OTTAWA — The federal government announced further targeted support for the hardest-hit businesses, proposing changes to the Tourism and Hospitality Recovery Program, the Hardest-Hit Business Recovery Program and the Canada Recovery Hiring Program.
Tourism and Hospitality Recovery Program
The Tourism and Hospitality Recovery Program will provide support through the wage and rent subsidy, to eligible organizations in the industry, such as hotels, restaurants, bars, festivals and travel agencies. Under this program, the maximum subsidy rate is 75 per cent from Oct. 24, 2021 to Mar. 12, 2022.
Lockdown Support would also be available at the current fixed rate of 25 per cent and pro-rated based on the number of days a particular location was affected by a lockdown.
Hardest-Hit Business Recovery Program
Hardest-hit businesses that don’t qualify for the Tourism and Hospitality Recovery Program will qualify for rent and wage support under this program if they meet two requirements: an average monthly revenue reduction of at least 50 per cent over the first 13 qualifying periods for the CEWS program and a current-month revenue loss of at least 50 per cent.
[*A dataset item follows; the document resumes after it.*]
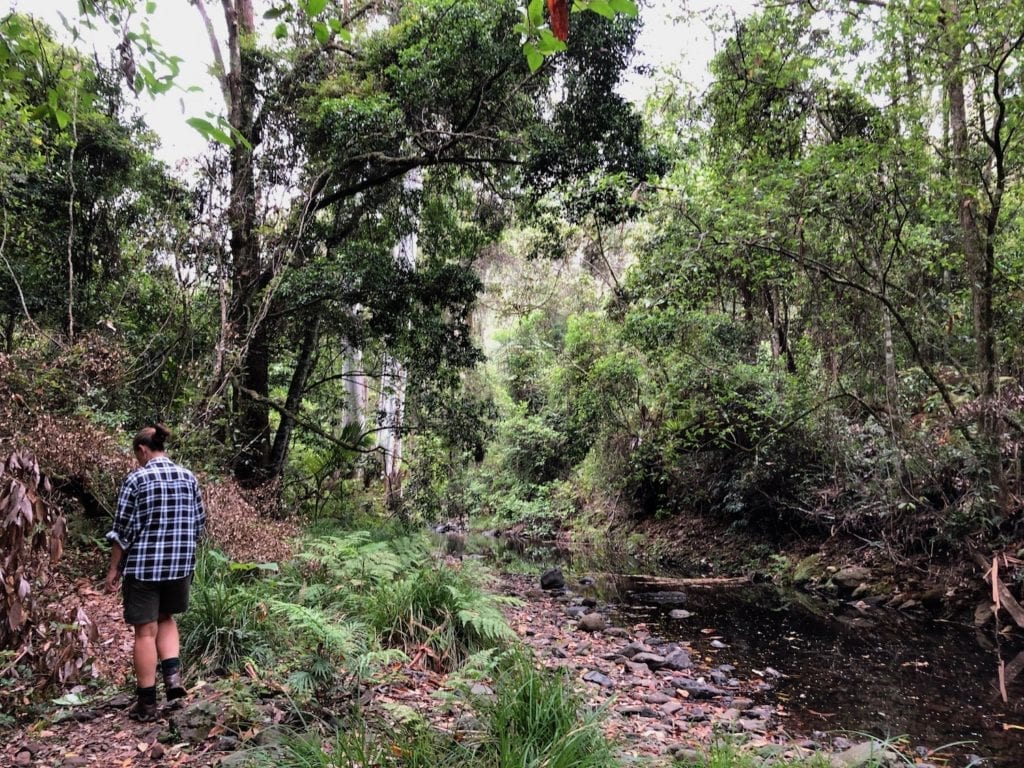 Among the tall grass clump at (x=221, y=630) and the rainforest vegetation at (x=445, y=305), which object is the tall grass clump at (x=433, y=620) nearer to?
the rainforest vegetation at (x=445, y=305)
Under this program, the maximum rate for the wage and rent subsidies would be 50 per cent from Oct. 24, 2021 to Mar. 12, 2022. Lockdown Support would also be available at the current fixed rate of 25 per cent.
Canada Recovery Hiring Program
Currently, the Canada Recovery Hiring Program is set to expire on Nov. 30, 2021, however, the government is proposing to update the subsidy rate for eligible employers to 50 per cent until May. 7, 2022, with authority for further extension through regulations until July. 2, 2022.
Additional supports outlined by the government include the event of a public-health lockdown, where affected organizations, regardless of sector, would only need to demonstrate a current-month decline as well as increasing the monthly cap on eligible expenses under the CERS program from $300,000 to $1 million starting Oct. 24, 2021.
“Prior to the election, we staged a significant lobby effort to get the government to commit to a survival program which would include targeted support for our industry until May,” said Susie Grynol, president and CEO of the Hotel Association of Canada in a press release. “The Liberal Party pledged this on day one of the campaign, and today the government announced it would become a reality.”
But Todd Barclay, president and CEO, Restaurants Canada says while it’s a positive sign that restaurants have been included in the new targeted approach, “we are disappointed that the eligibility requirements will leave so many operators out in the cold this winter. Our industry deserves support programs that will help us survive this ongoing crisis.”